The first issue related to the serialisation of subclasses. This is important for us, because we need to know, for example, which subclass of Predicate is defining our ValidationRule. By default Json.NET doesn’t allow you to specify in the json which subclass to deserialise to. You can change this, by setting the TypeNameHandling setting. However there are security issues to take into account.
The other issue was related to this. Our server and client side were targeting different .NET frameworks. For Blazor, we were using the preview .NET Standard. For our server side, due to other components we wanted to use, we were using .NET Core. We found when we ran these projects, the fully qualified type of primitives (e.g. strings) was different between the two. This meant that our naïve serialisation couldn’t be deserialised in the other project.

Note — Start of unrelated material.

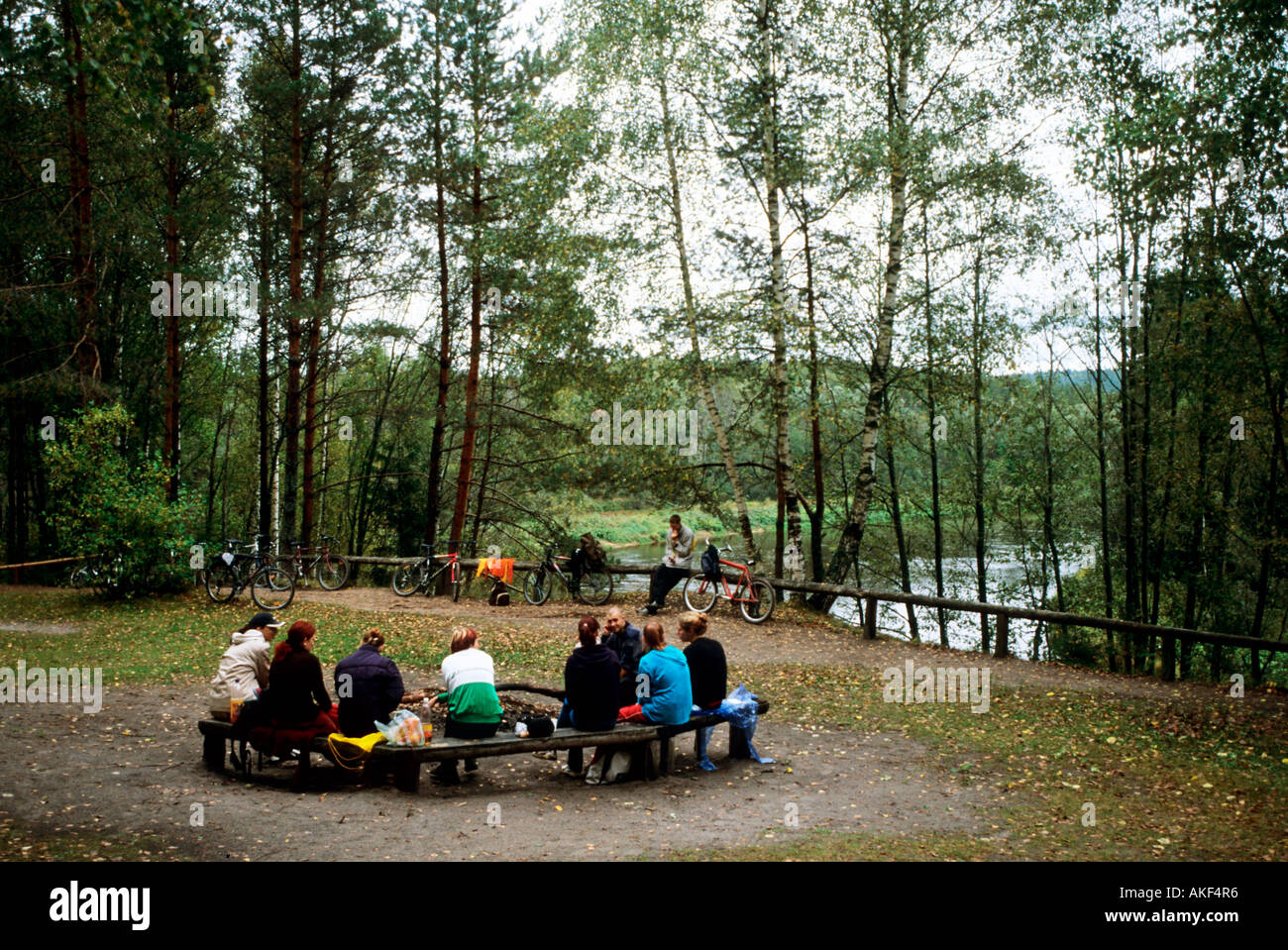 Lettland, Sigulda (Segewold), im Gauja-Nationalpark östlich von Sigulda Foto Stock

It was frustrating to only realise this at a late stage, and this prevented us joining us frontend and backend together. However it was not all bad news, we were able to test the two separately, e.g. using non-serialised form definitions to test the rendering of forms in the browser. It was exciting to see the validation rules and invisibility rules giving real time feedback as data was entered in our forms. We were running C# validation in the browser. Although we didn’t quite get there, running that same validation server-side was within arm’s reach and we’ll get it running at our next opportunity.